**EXERCISE DESCRIPTION**
Although the listing below holds pictures, reproduce only its lines from the one containing "Large roof terrace with bbq area" through the last, exactly and without them.

**PROVIDED MATERIAL**
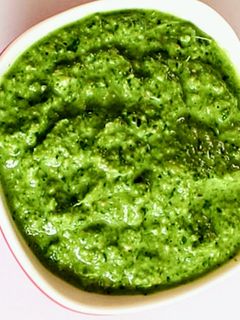 हरे धनिये की चटनी (hare dhaniye ki chutney recipe in Hindi) रेसिपी मुख्य फोटो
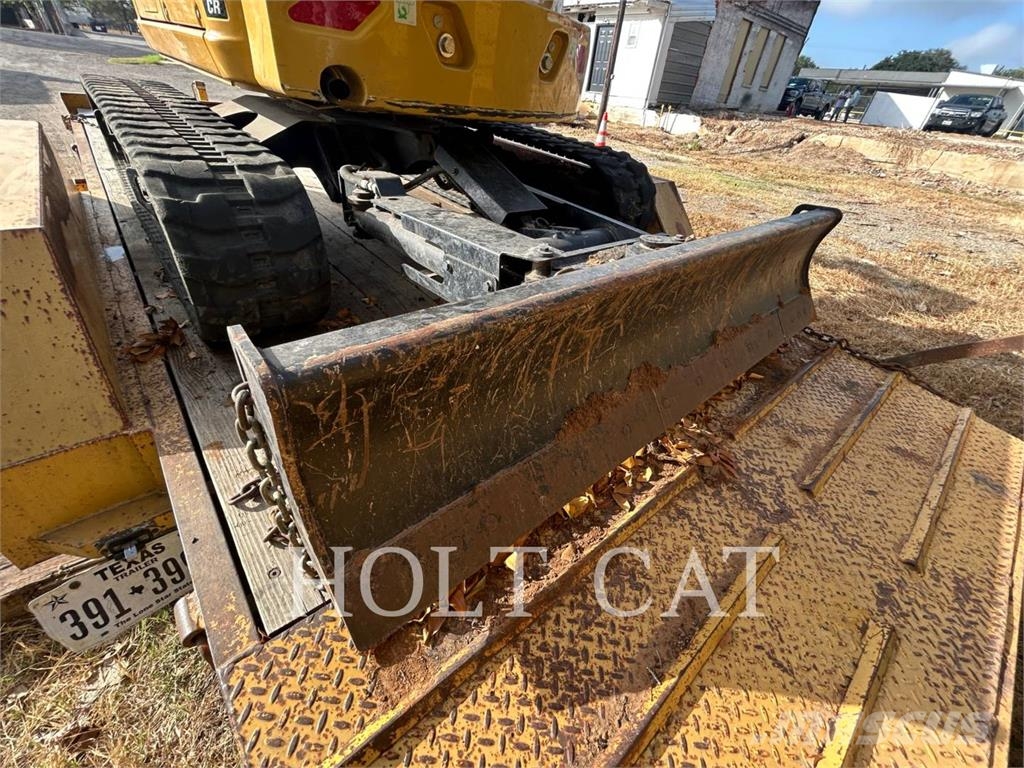 CAT 303.5 CR Kāpurķēžu ekskavatori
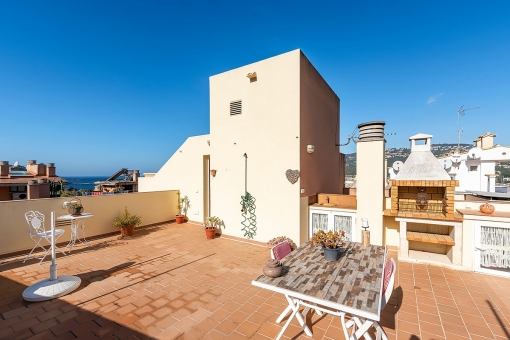 Large roof terrace with bbq area
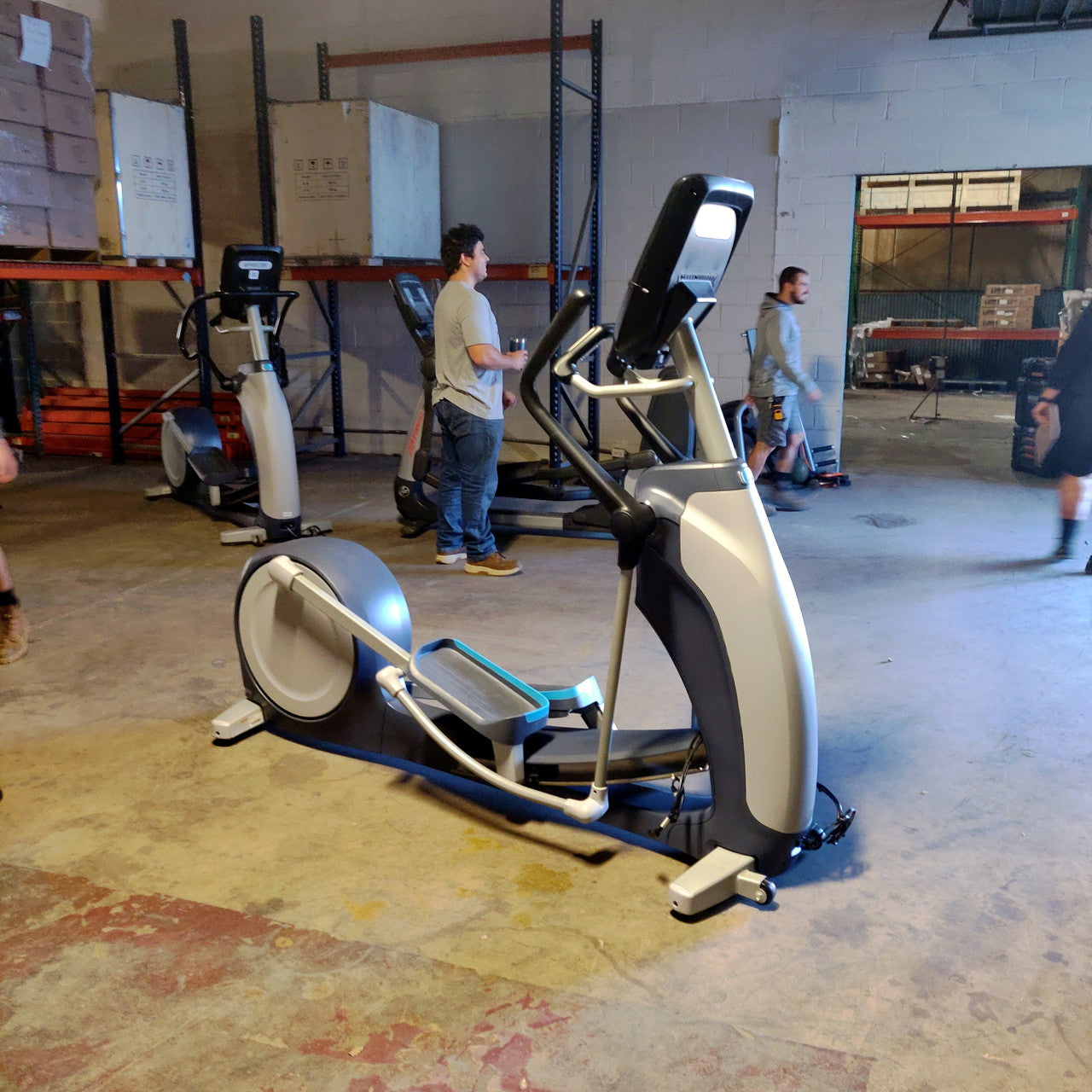 Precor EFX 885 Total Body Elliptical w/Converging Crossramp + p82 Console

**ANSWER TO THIS EXERCISE**
 Large roof terrace with bbq area
 Precor EFX 885 Total Body Elliptical w/Converging Crossramp + p82 Console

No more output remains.